- **What you are asked to do**: The output should match, line for line, the records from the line containing "THREE LEVELS OF" through the line containing "Современный декор дома", with every picture left out.

- **Dataset records**:
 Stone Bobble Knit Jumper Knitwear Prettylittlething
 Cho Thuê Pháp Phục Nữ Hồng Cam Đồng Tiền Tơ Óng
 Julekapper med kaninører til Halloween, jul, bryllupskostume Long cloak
...
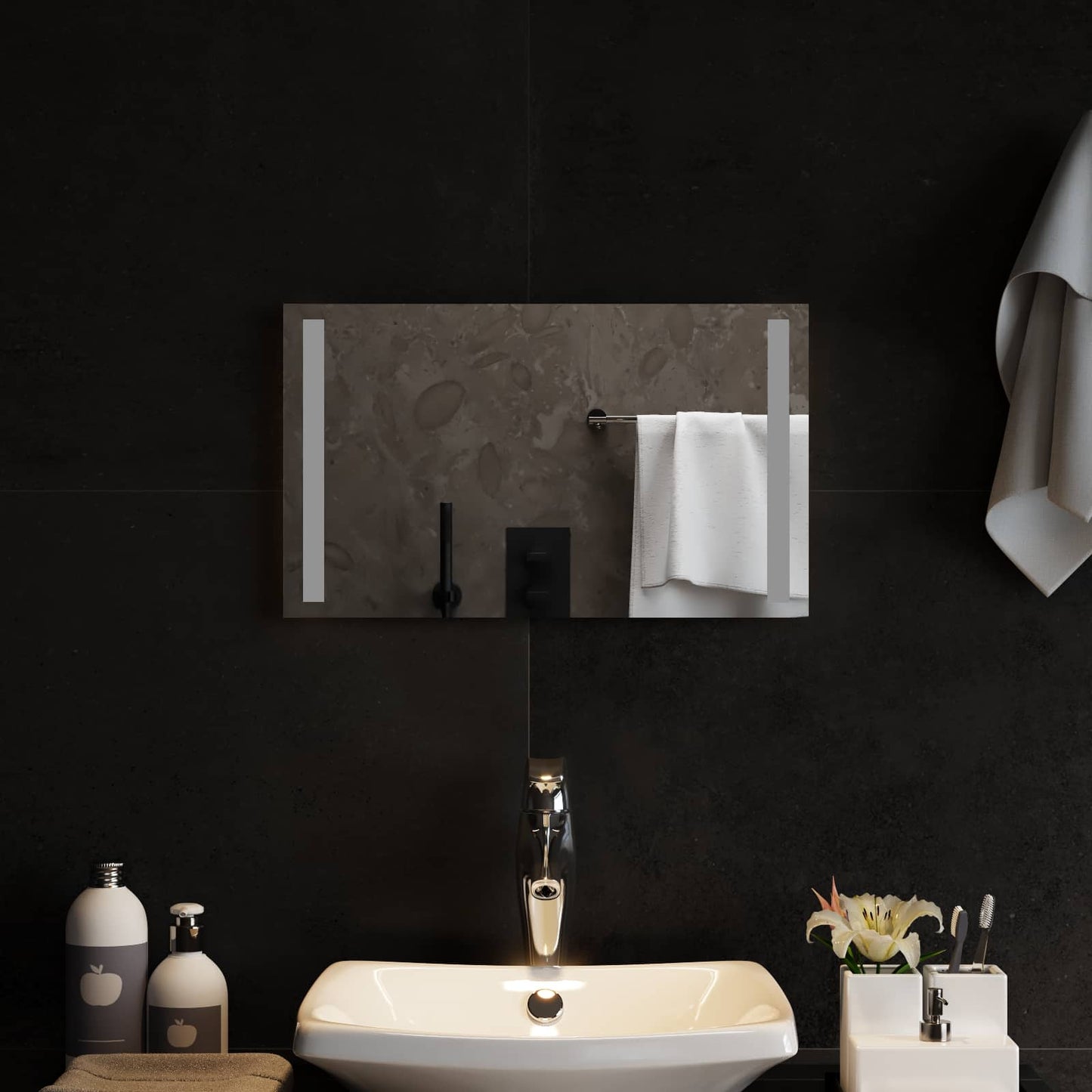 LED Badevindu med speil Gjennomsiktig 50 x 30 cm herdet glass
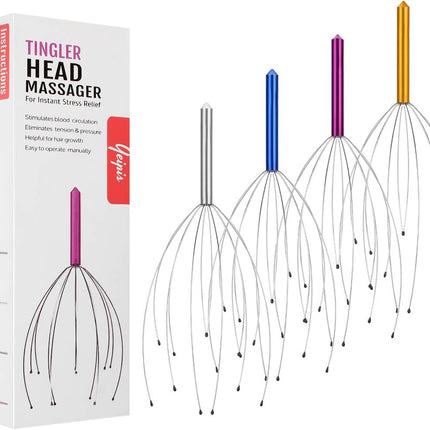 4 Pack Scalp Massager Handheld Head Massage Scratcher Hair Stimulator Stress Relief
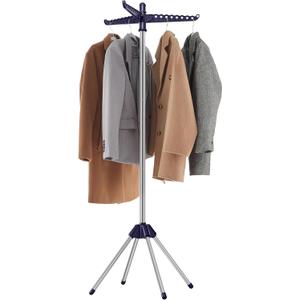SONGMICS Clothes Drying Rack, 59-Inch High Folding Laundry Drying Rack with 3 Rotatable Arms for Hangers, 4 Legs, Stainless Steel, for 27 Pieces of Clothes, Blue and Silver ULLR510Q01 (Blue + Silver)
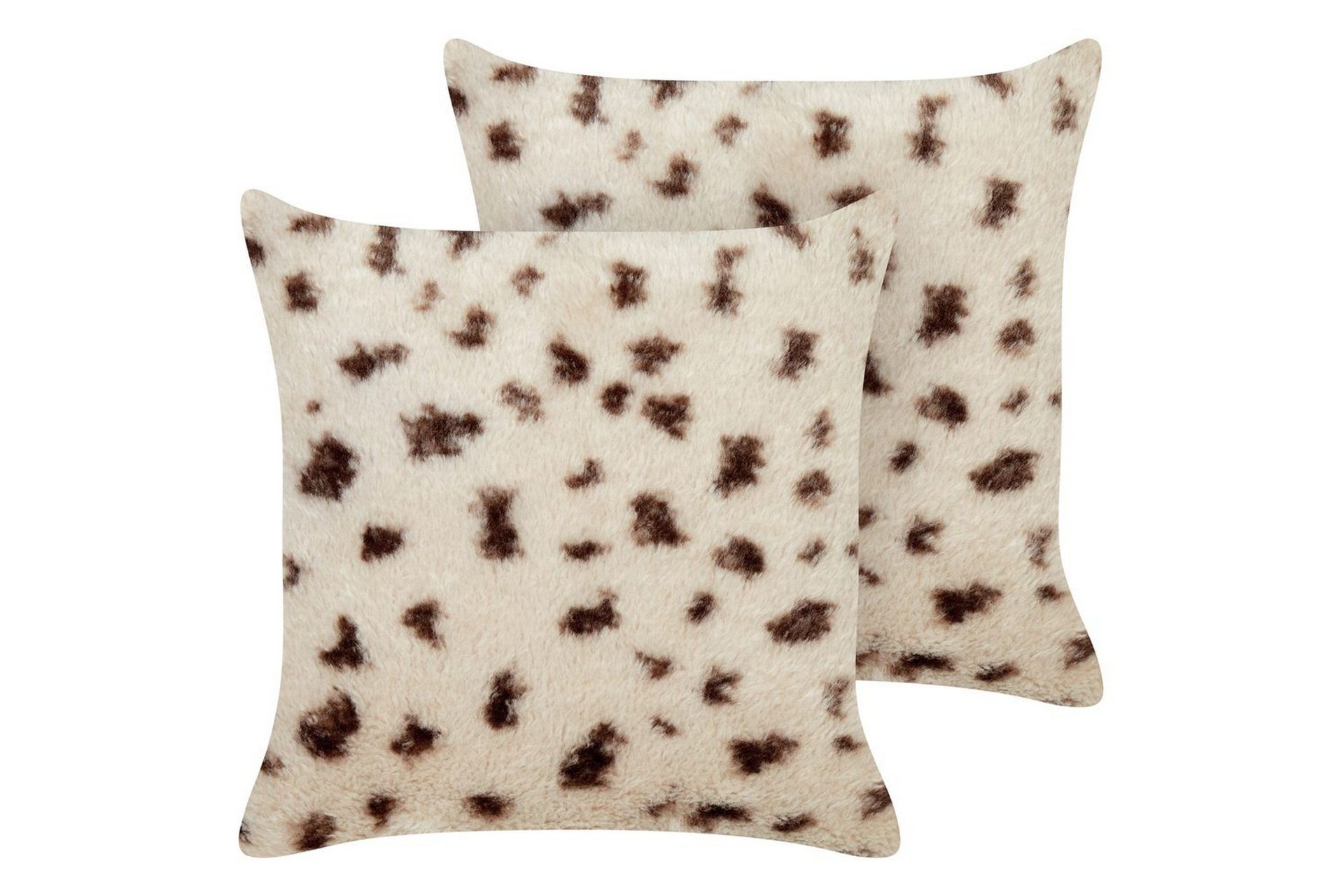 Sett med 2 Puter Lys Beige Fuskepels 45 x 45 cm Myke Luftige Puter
==
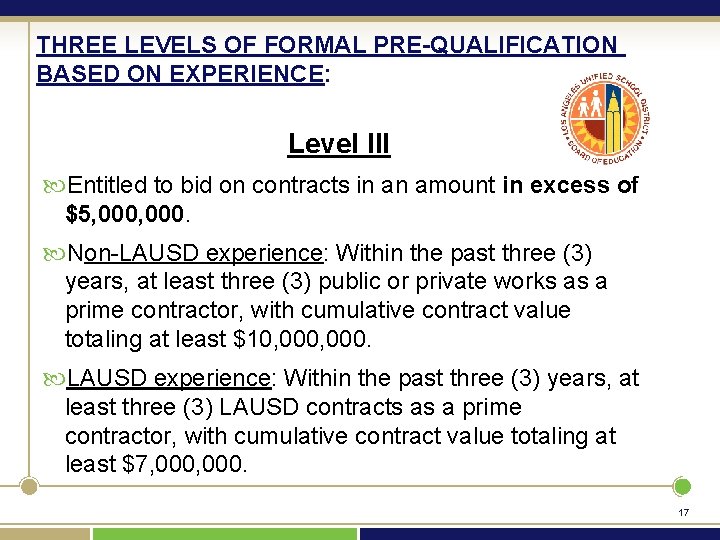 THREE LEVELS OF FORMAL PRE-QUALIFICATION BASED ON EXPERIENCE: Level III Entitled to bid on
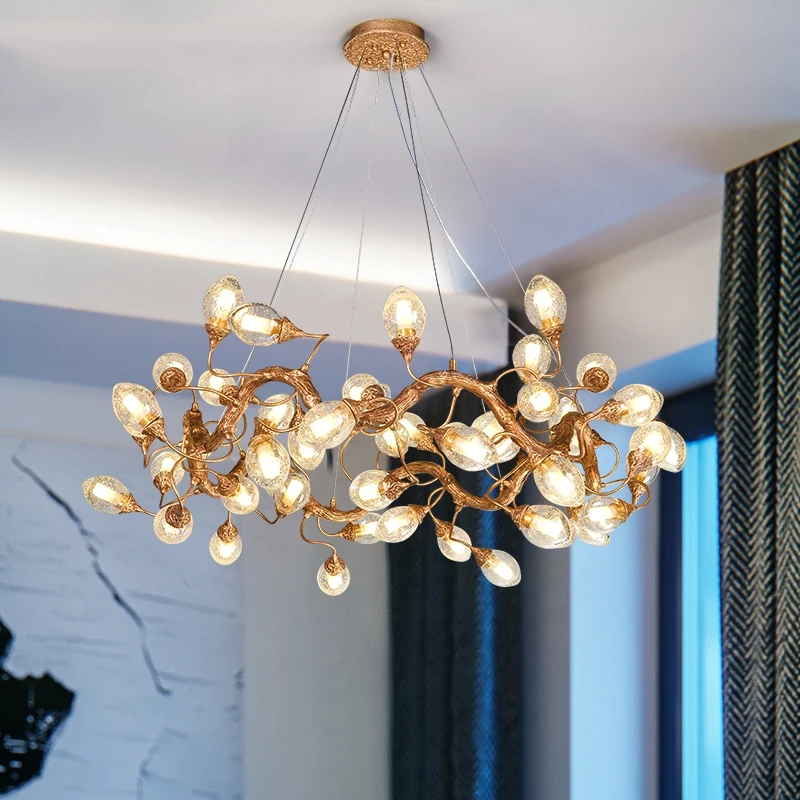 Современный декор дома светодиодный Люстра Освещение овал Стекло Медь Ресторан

- **The answer**:
 THREE LEVELS OF FORMAL PRE-QUALIFICATION BASED ON EXPERIENCE: Level III Entitled to bid on
 Современный декор дома светодиодный Люстра Освещение овал Стекло Медь Ресторан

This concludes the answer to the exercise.